What is being asked → Copying starts at the line containing "Prahova: Incendiu generalizat" and stops after the last line of the records; each line is repeated exactly, and pictures are skipped.

———

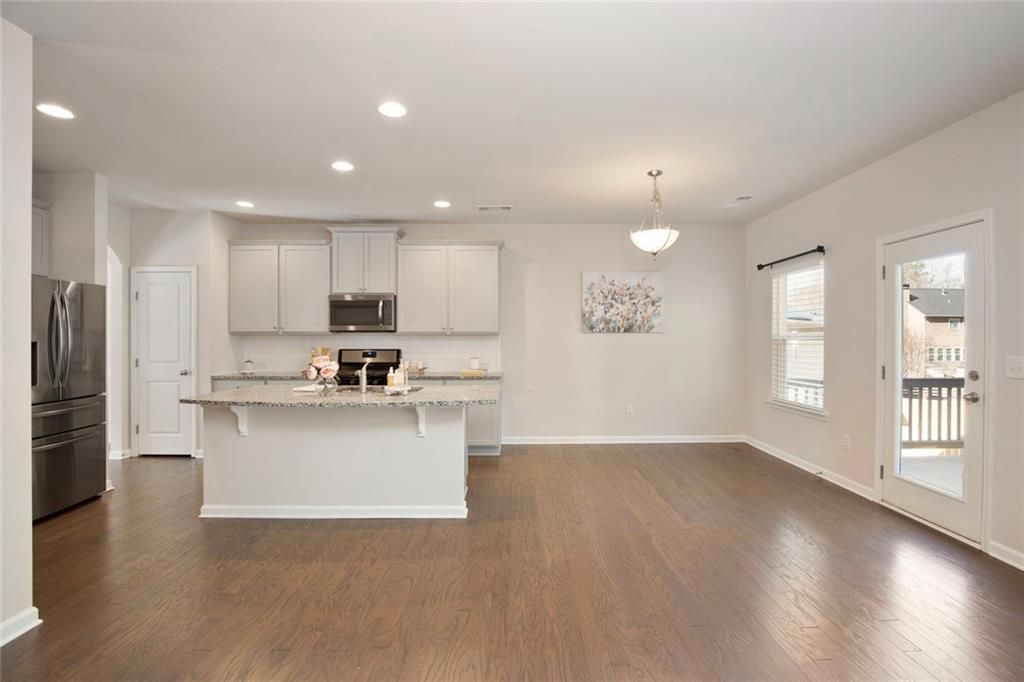 Image 20 of property listing at 6215 Vista Crossing Way, Cumming, GA 30028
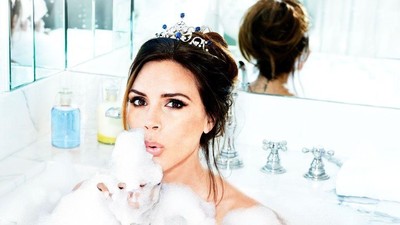 Gaya 8 Artis Pose Berendam di Dalam Bathtub, Glamor Hingga Super Seksi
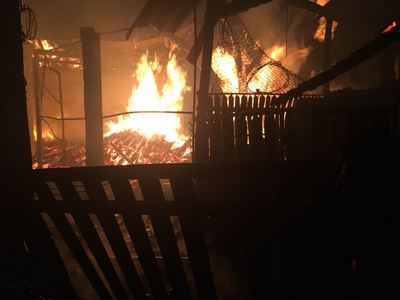 Prahova: Incendiu generalizat la o casă de vacanţă, pompierii s-au luptat cu flăcările mai bine de cinci ore. FOTO/ VIDEO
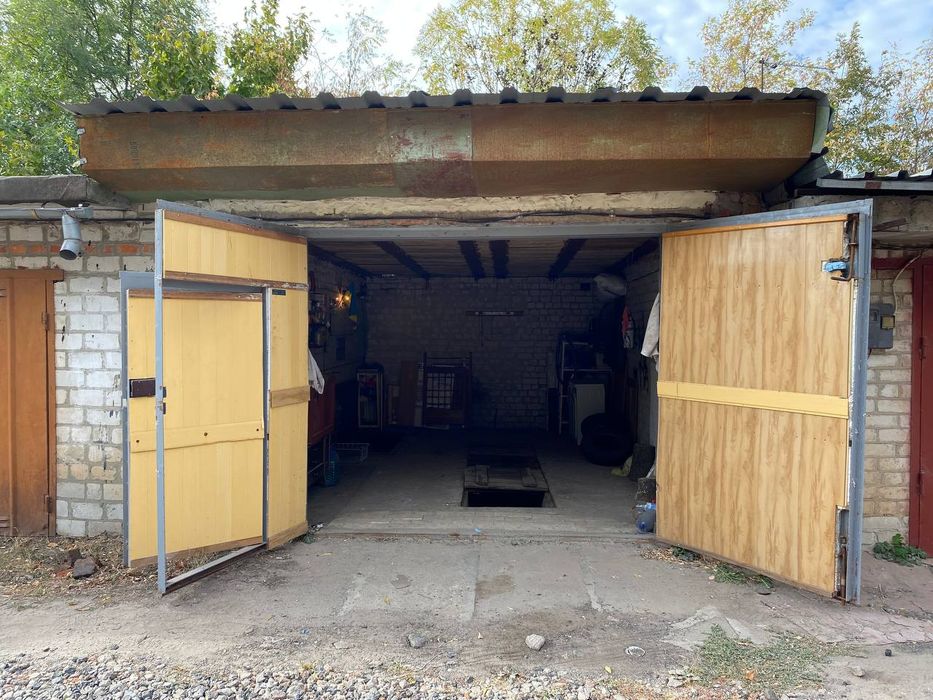 Продается гараж 4000$ +ТОРГ Рогарский Желмасив
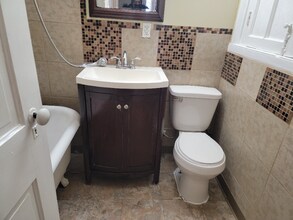 220 W Madison St in Baltimore, MD - Building Photo - Building Photo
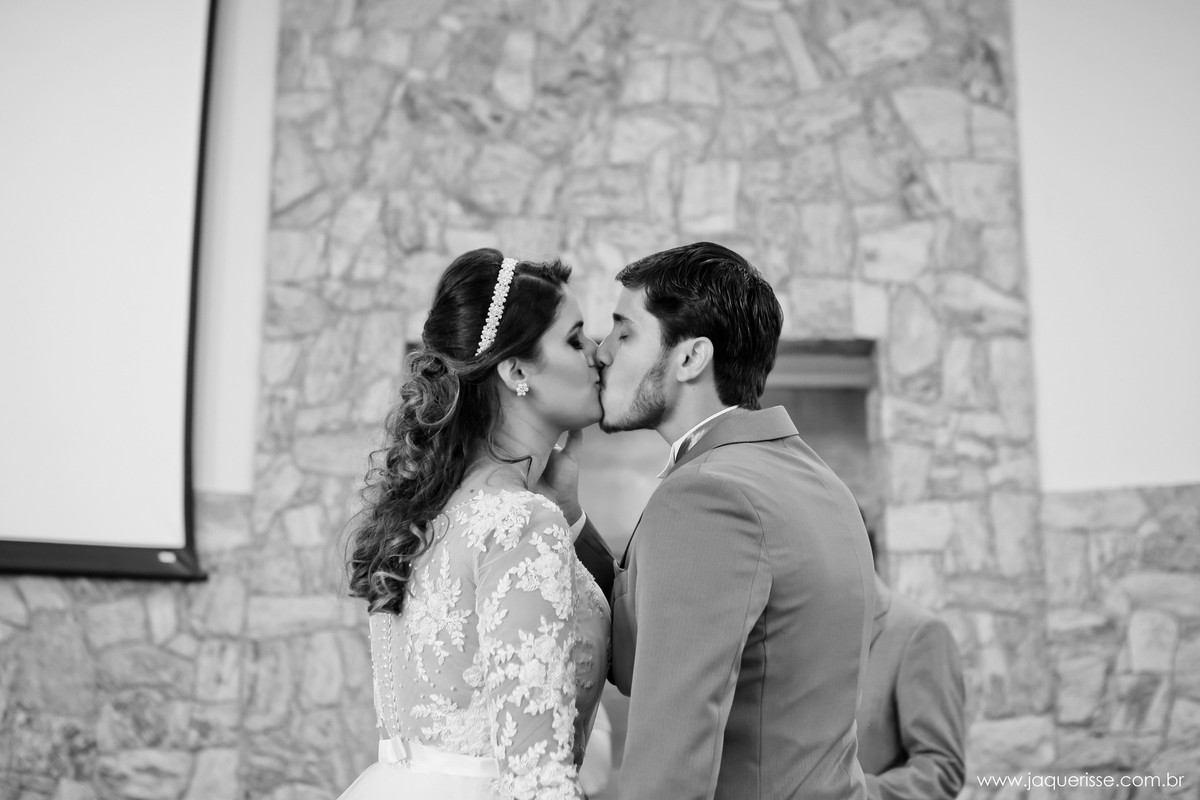 jaque risse, andre risse, estudio bebedouro, melhores fotografos,noivos na hora do beijo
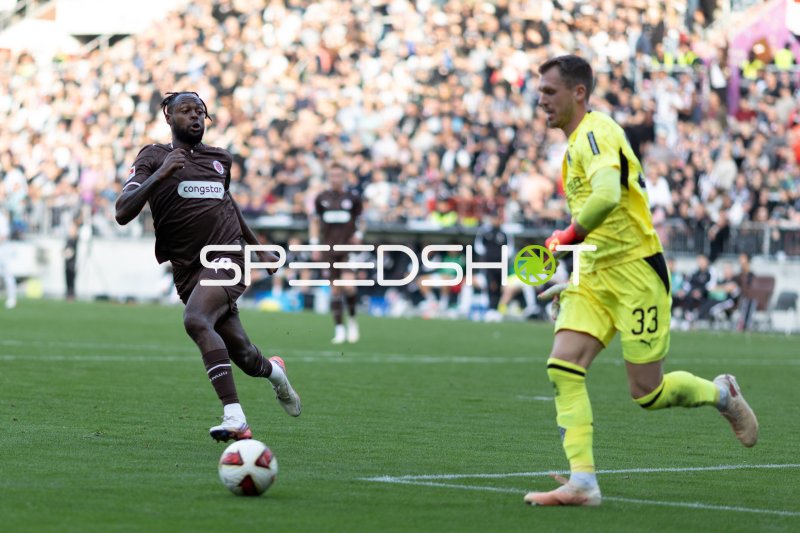 Ricky-Jade Jones (#26; FC St. Pauli) dribbelt gegen Daniel Batz (#33; Borussia Mönchengladbach)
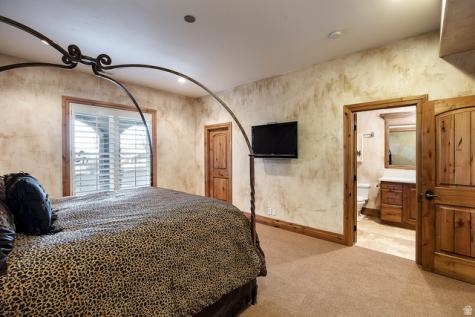 802 Eaglepointe Drive North Salt Lake UT 84054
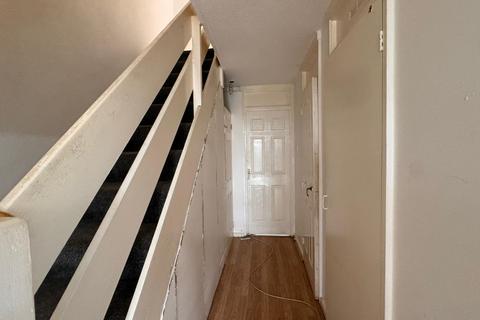 3 bedroom terraced house to rent, Chatsworth Road, London E15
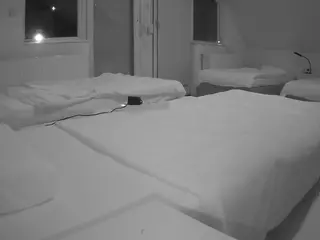Julmodels Bedroom-D2's Live Sex Cam Show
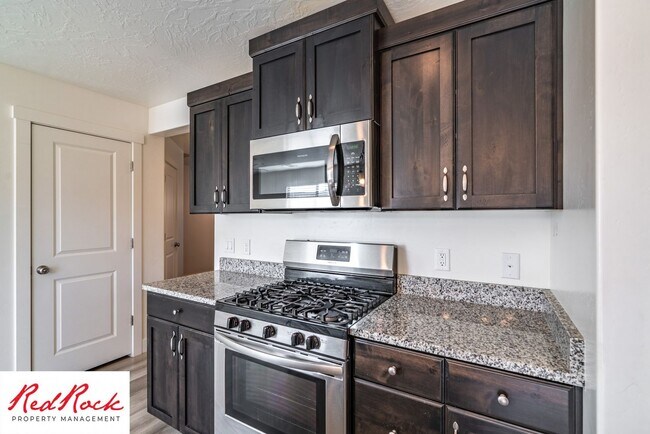 Building Photo - 4 Bed/2.5 Bath Townhome in Desert Bluff!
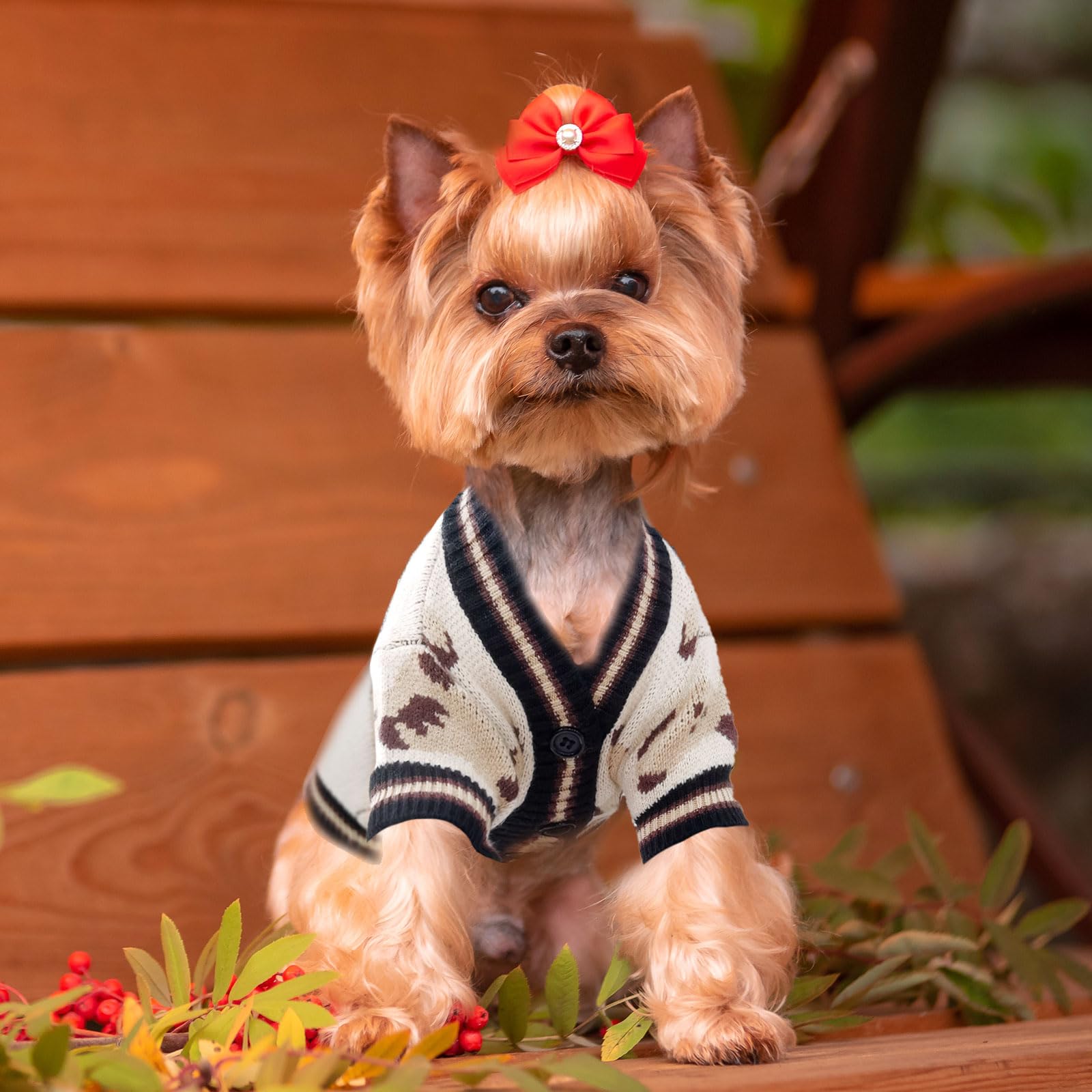 ABRRLO sudadera beige para perrito, ajuste cómodo en talla L.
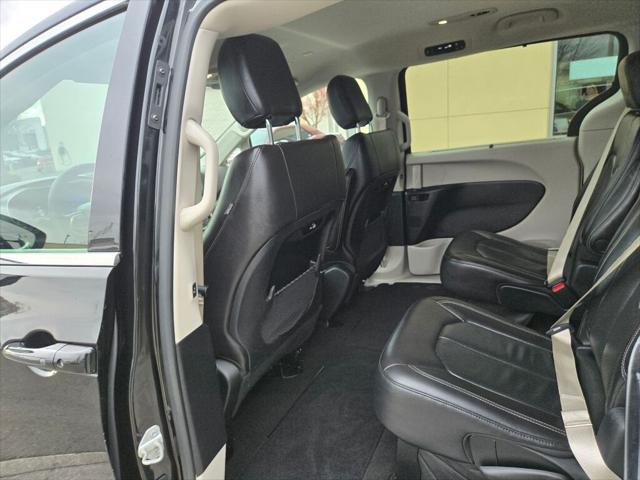 2022 Chrysler Pacifica Touring L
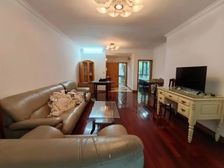 南北两房赠送带30平大院子 采光没影响 格局方正 小区安静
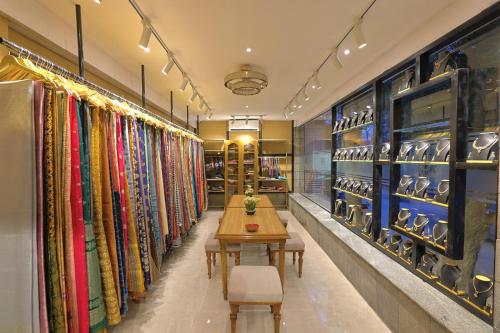 hotel grand continent premier banjara hills hyderabad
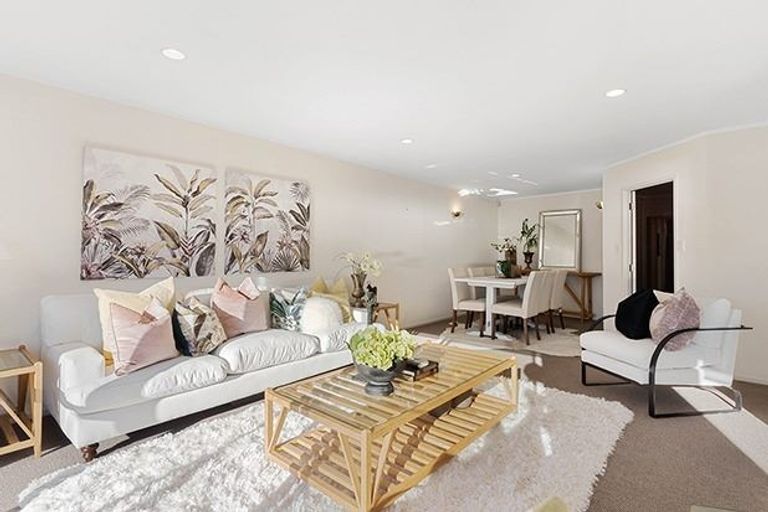 Photo of property in 110 Clovelly Road, Bucklands Beach, Auckland, 2012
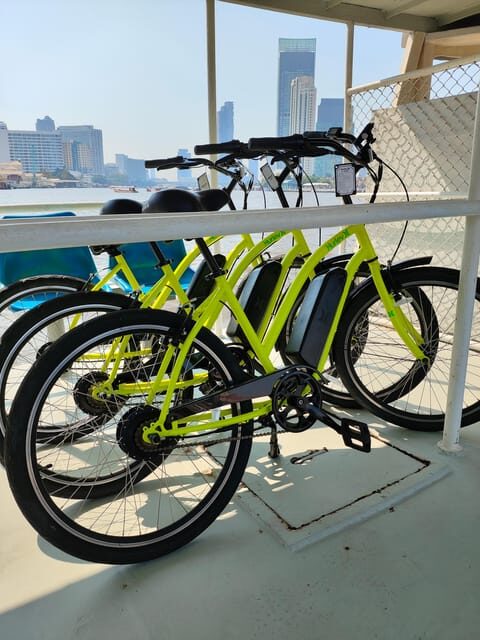 Electric Bike Tour - Pak Khlong Talat and Santa Cruz Church: photo stops that break the pace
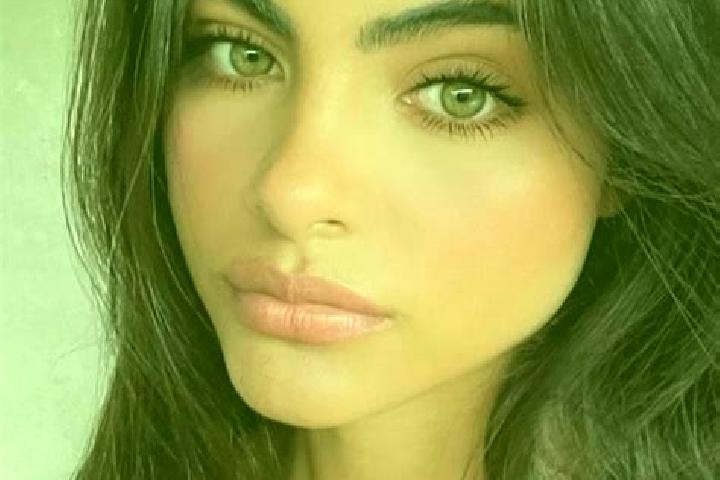 Rose, 23, a auburn dark-eyed latina companion based in Kitahiroshima. Offering Deep French Kissing, Duos. Available for incall and outcall, overnight booking...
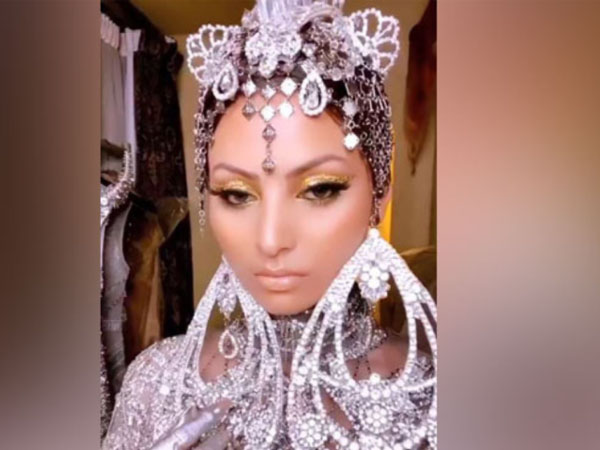 उवर्शी रौतेला 24 कैरेट असली सोने का आई शैडो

———

Answer to this exercise →
 Prahova: Incendiu generalizat la o casă de vacanţă, pompierii s-au luptat cu flăcările mai bine de cinci ore. FOTO/ VIDEO
 Продается гараж 4000$ +ТОРГ Рогарский Желмасив
 220 W Madison St in Baltimore, MD - Building Photo - Building Photo
 jaque risse, andre risse, estudio bebedouro, melhores fotografos,noivos na hora do beijo
 Ricky-Jade Jones (#26; FC St. Pauli) dribbelt gegen Daniel Batz (#33; Borussia Mönchengladbach)
 802 Eaglepointe Drive North Salt Lake UT 84054
 3 bedroom terraced house to rent, Chatsworth Road, London E15
Julmodels Bedroom-D2's Live Sex Cam Show
 Building Photo - 4 Bed/2.5 Bath Townhome in Desert Bluff!
 ABRRLO sudadera beige para perrito, ajuste cómodo en talla L.
 2022 Chrysler Pacifica Touring L
 南北两房赠送带30平大院子 采光没影响 格局方正 小区安静
 hotel grand continent premier banjara hills hyderabad
 Photo of property in 110 Clovelly Road, Bucklands Beach, Auckland, 2012
 Electric Bike Tour - Pak Khlong Talat and Santa Cruz Church: photo stops that break the pace
 Rose, 23, a auburn dark-eyed latina companion based in Kitahiroshima. Offering Deep French Kissing, Duos. Available for incall and outcall, overnight booking...
 उवर्शी रौतेला 24 कैरेट असली सोने का आई शैडो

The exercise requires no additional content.